By Mark Young, Islander Reporter

Following an official Feb. 8 dissolution between Bradenton Beach and the Center for Municipal Solutions regarding the ongoing cellular communications tower saga, the city is working on a new ordinance that will better fit its needs.

Negotiations between city attorney Ricinda Perry and CMS’s Lawrence “Rusty” Monroe came to a standstill over three key issues in the ordinance Monroe authored in 2011.

Perry said Monroe would not budge on the city’s insurance requirements to retain him as a consultant to review cell tower applications, which was required by Monroe’s ordinance; would not agree to a termination clause; and wanted the city to be responsible for paying him if any applicant pulled out of the process.

Perry informed commissioners Feb. 7 that she did not believe the city and Monroe would come to terms and sent Monroe a letter dated Feb. 8 announcing that the city would not pursue the relationship further.

Perry updated commissioners on the next step at the Feb. 21 city commission meeting.

“He sent a very gracious response back that he understood it wouldn’t work out with us,” said Perry. “That relationship has been severed.
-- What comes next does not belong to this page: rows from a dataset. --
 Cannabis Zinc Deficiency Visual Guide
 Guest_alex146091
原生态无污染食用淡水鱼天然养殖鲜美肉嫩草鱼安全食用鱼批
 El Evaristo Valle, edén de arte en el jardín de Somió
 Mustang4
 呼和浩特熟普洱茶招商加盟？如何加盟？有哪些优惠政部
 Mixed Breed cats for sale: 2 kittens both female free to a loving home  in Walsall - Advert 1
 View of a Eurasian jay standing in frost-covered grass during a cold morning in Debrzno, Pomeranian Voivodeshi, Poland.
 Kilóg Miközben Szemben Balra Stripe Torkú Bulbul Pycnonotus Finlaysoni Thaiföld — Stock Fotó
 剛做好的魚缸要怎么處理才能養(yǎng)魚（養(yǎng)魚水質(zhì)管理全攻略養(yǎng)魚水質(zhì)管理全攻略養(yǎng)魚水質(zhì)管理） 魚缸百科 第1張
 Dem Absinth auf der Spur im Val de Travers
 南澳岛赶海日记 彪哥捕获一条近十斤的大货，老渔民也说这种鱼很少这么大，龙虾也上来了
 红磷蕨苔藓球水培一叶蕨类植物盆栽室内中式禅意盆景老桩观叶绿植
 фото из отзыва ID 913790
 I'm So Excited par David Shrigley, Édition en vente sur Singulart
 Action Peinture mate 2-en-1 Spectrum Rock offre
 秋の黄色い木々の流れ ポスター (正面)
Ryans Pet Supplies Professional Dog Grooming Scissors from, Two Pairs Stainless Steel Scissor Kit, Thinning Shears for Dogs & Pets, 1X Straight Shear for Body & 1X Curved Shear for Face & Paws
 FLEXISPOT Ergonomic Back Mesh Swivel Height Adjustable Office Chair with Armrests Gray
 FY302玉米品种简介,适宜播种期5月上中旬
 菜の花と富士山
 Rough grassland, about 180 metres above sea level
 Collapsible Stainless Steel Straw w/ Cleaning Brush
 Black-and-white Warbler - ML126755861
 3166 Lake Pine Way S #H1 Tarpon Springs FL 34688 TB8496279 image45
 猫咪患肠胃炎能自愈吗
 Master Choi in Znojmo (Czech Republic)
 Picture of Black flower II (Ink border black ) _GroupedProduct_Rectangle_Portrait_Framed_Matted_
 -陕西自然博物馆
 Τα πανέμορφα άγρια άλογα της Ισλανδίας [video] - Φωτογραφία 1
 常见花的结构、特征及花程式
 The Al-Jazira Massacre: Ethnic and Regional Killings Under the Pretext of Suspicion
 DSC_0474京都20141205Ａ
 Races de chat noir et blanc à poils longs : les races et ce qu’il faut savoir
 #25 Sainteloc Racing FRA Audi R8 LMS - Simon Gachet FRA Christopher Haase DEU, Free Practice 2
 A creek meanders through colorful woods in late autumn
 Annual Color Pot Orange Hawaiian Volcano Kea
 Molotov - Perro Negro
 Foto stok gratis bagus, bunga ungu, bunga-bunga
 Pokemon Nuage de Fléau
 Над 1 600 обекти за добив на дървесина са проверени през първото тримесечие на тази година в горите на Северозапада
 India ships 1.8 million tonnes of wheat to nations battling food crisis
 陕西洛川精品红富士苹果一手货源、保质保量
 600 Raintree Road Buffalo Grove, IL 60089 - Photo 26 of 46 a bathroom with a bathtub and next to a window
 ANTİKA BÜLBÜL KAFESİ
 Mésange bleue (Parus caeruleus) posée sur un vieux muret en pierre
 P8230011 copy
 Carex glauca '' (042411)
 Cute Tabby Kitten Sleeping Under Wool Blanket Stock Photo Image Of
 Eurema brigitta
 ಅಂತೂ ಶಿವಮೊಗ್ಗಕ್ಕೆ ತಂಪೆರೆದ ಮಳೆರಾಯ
The city is working on a new ordinance, public hearing dates have been picked and we will be sending out a request for proposal for another professional company to help with the technical aspects associated with cellular communications.”

Perry said the RFP could be presented to commissioners at their March 7 meeting.

Progress also is being made to address the city’s noise ordinance.

The issue has been listed under old business on the agenda for some time with Mayor John Shaughnessy calling it a complicated issue that the city should not rush.

Shaughnessy said progress is being made, but there is a lot more to do.

“I have been given the first phase of a noise ordinance that we are putting together because times have changed in Bradenton Beach,” he said. “Changes have to be made. It’s been awhile.”

Shaughnessy said as the process moves forward, “we will have public comment, but this is a thing in process.”

In other matters, Shaughnessy, Vice Mayor Ed Straight and Commissioner Ric Gatehouse approved a $5,200 purchase for a digital recording system. Currently, the city uses a cassette-tape recorder.

Commissioners Jan Vosburgh and Gay Breuler were absent with excuse.

Public works director Tom Woodard asked commissioners to begin a process to set standards for issuing permits on city rights of way. Woodard said the city has no specifications, “and people do what they want.”

The result, he said, is that work is left up to city staff that should have been covered in an individual permit. Woodard gave an example of a resident using cold-patch asphalt purchased at a hardware store to repair a pot hole on a city right of way.

“And that just doesn’t work,” said Woodard. “We had to go back in and clean out the base of that area.”

Woodard said standards should be attached to right-of-way permits that apply to citizens and contractors alike. The cost to draft the standards will be $2,000, but Woodard said the price would be split between the public works and planning departments.

The request was approved 3-0.

A request was denied 3-0 to install a speed bump on 11th Street South. Frank Harrison, a resident on the street, said speed bumps were in place before a resurfacing project.

Harrison said there are a lot of rentals on his street and speeding is a serious situation.

Straight moved to deny the request, saying it’s an issue that should come up during budget discussions.

“If we put it on one street, I think we are going to have more requests and that is going to get costly,” said Straight.

Gatehouse agreed, suggesting law enforcement be notified to have a presence in the area.

“If that doesn’t work, then maybe we can revisit this,” he said.